Leafcutter Ant Nests Inhibit Low-Intensity Fire Spread in the Understory of Transitional Forests at the Amazon’s Forest-Savanna Boundary

13 de julho de 2012

jul 13, 2012

Karine S. Carvalho, Ane Alencar, Jennifer Balch, Paulo Moutinho

Leaf-cutter ants (Atta spp.) remove leaf litter and woody debris—potential fuels—in and around their nests and foraging trails. We conducted single and three annual experimental fires to determine the effects of this leaf-cutter ant activity on the behavior of low-intensity, slow-moving fires.

In a transitional forest, where the southern Amazon forest meets the Brazilian savanna, we tested whether leaf-cutter ant nests and trails (i) inhibit fire spread due to a lack of fuels, and (ii), thereby, reduce the total burned area during these experimental low-intensity fires, particularly at forest edges where leaf-cutter ant abundance was higher. Fine-medium fuel mass increased with an increase in distance from ant nest, and the mean area of bare soil was greater on nests than on the forest floor.

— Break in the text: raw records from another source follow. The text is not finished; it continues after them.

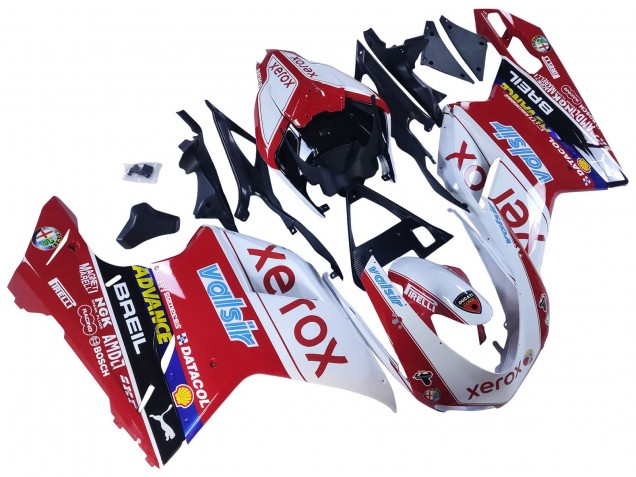 Carenados Moto Ducati 848/1098/1198 2007-2014 - Blanco Rojo Negro Brillante Valsir Xerox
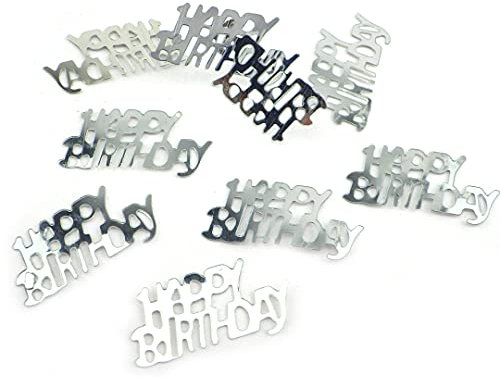 Sepkina Happy Birthday decorazione da tavolo per compleanno, coriandoli (argento Happy Birthday, 200)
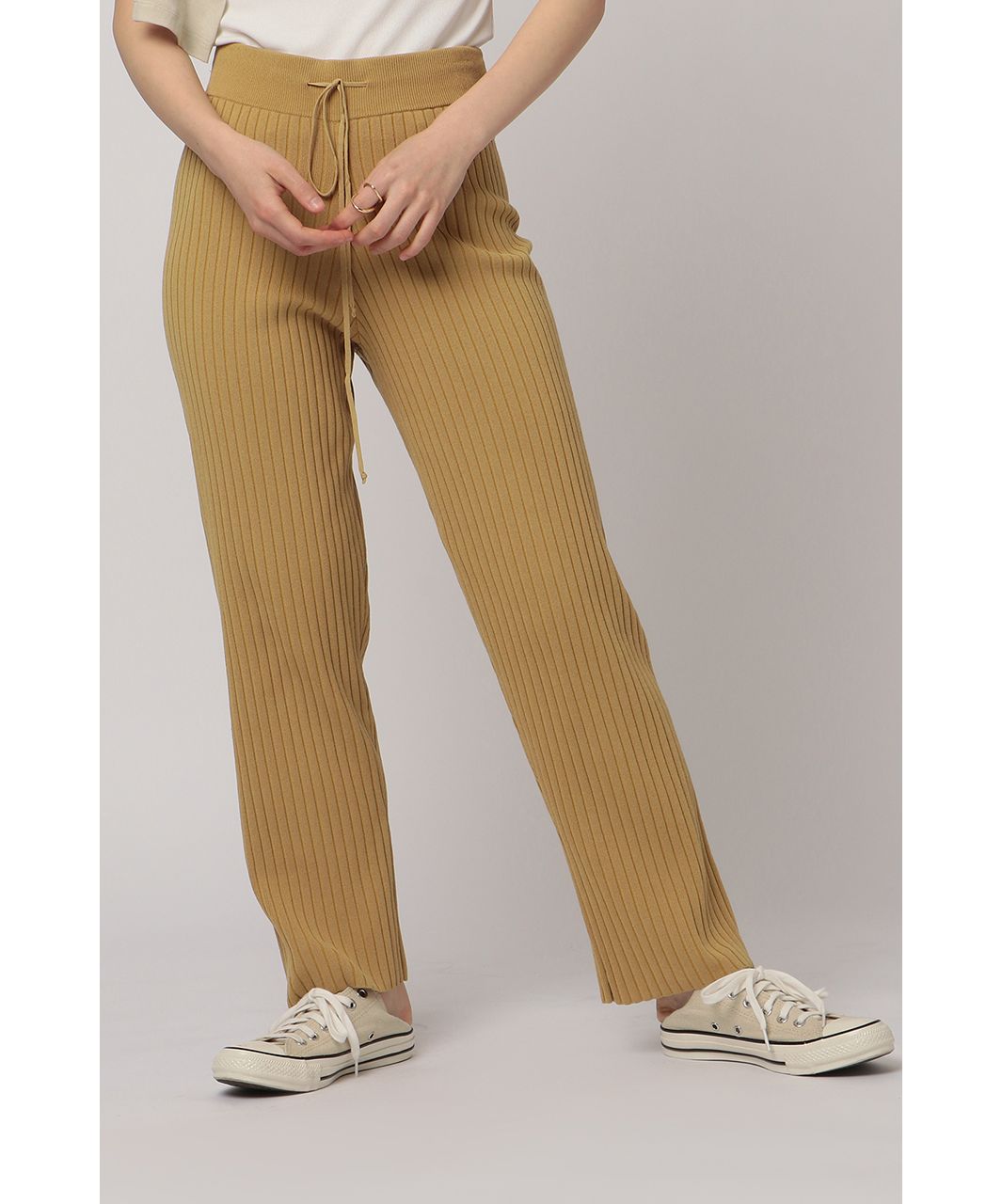 エトレトウキョウ ETRE' TOKYO ランダムリブニットパンツ （MUSTARD） MUSTARD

Between 60 to 90 percent of the unburned area was within 30 m of ant nests, and burned area significantly increased with increasing distance to ant nests. In addition, the number of ant nests declined with increasing distance from the forest edge, and, with exception of the first experimental fire, burned area also increased with increasing distance from the edge. The present study provides new insight to fire ecology in Amazon environments.